Jetzt also Europareise. Besuch bei den letzten Freunden. Aber auch hier erwartet den Präsidenten ein eher anstrengendes und konfrontatives Programm. Schon in Portugal wartete Überzeugungsarbeit auf ihn. Insgesamt 16.000 Brasilianer leben hier noch immer illegal, ein Problem, das die Beziehungen beider Länder belastet. Viel wichtiger aber ist dem Präsidenten der Umgang der Europäer mit dem Fleischimport aus Brasilien. Die EU hatte nach dem Ausbruch der Maul- und Klauenseuche (MKS) im Bundesstaat Mato Grosso do Sul die Einfuhr von brasilianischem Fleisch aus dieser Region vorerst gestoppt. Brasiliens aufstrebende Fleischindustrie trifft das hart. Alleine die EU importiert knapp 60 Prozent des brasilianischen Fleischs. Durch besonders kostengünstige und qualitativ hochwertige Fleischproduktion war Brasilien in den letzten Jahren zum weltweit größten Rindfleischexporteur aufgestiegen. Brüssel kritisierte, die Regierung Lulas sei mit dem Ausbruch der MKS zu fahrlässig umgegangen.

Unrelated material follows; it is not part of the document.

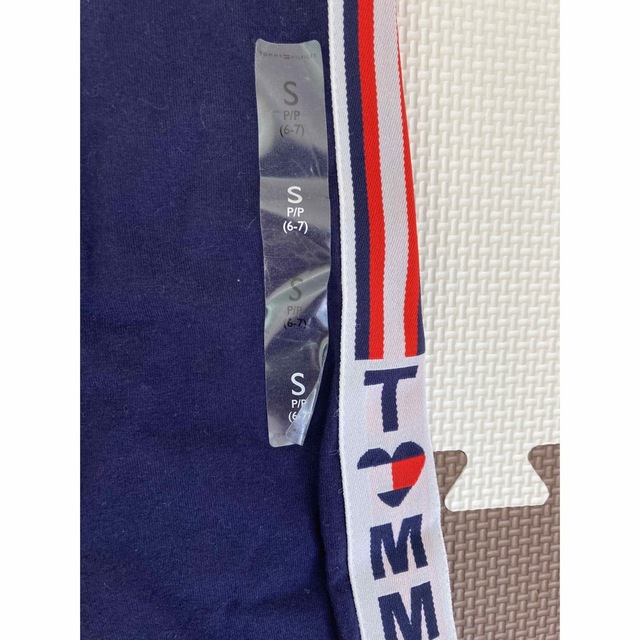 TOMMY HILFIGER(トミーヒルフィガー)の☆もも♡様　専用☆トミーヒルフィガー　パンツ　キッズ キッズ/ベビー/マタニティのキッズ服男の子用(90cm~)(パンツ/スパッツ)の商品写真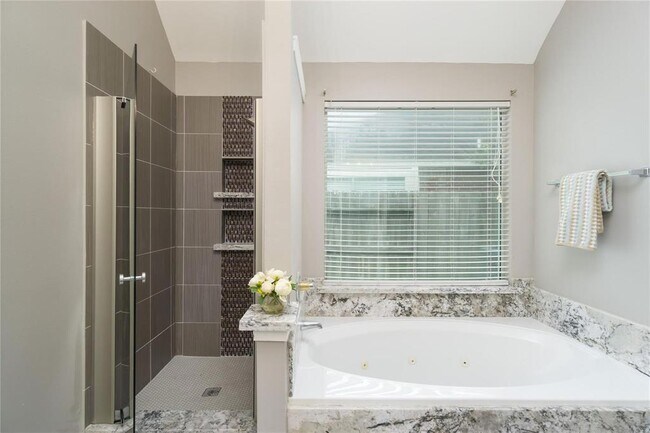 Building Photo - 3622 Englewood Dr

Teilnahme am Iberoamerikanischen Gipfel in Salamanca

Iberoamerikanischer Gipfel in Salamanca
Lula und seine Kollegen beim Iberoamerikanischen Gipfel in SalamancaBild: AP

Wie gut, dass die zweite Station seiner Europareise Salamanca heißt. In Spaniens alter Universitätsstadt hatte in diesem Jahr der von vielen lateinamerikanischen Ländern als Scharnier zu Europa verstandene Iberoamerikanische Gipfel stattgefunden. Für Lula eine gute Möglichkeit zu versuchen, über die Spanier und Portugiesen die EU vom Embargo abzubringen. Während die EU kein Rindfleisch mehr aus der betroffenen Region Mato Grosso do Sul haben will, ist Russland rigoroser vorgegangen. Wie im Vorjahr hat Moskau sofort eine komplette Einfuhrsperre für brasilianisches Fleisch erlassen. Lula wird also auch am Ende seiner Europareise noch einiges an Überzeugungsarbeit zu leisten haben, bevor er sie am Dienstag in Russland beendet.

Von Russland wieder zurück nach Brasilien

Zweiter Weltraumtourist auf dem Weg
Russische Sojus-Rakete beim Abschuss in KasachstanBild: AP

Danach geht es dann wieder zurück nach Brasilien, heim zu Korruptionsvorwürfen und einem kaum regierbaren Staat. Vorher aber wird er mit Putin über Marcos Pontes gesprochen haben. Über einen Brasilianer, der seinem Land noch weiter entfliehen wird, als es Lula mit seiner Europareise getan hat. Pontes soll der erste brasilianische Astronaut werden und im kommenden Jahr an Bord einer russischen Sojus-Kapsel aus der kasachischen Steppe ins All geschossen werden. Und vielleicht wäre Lula da im Moment auch ganz gerne.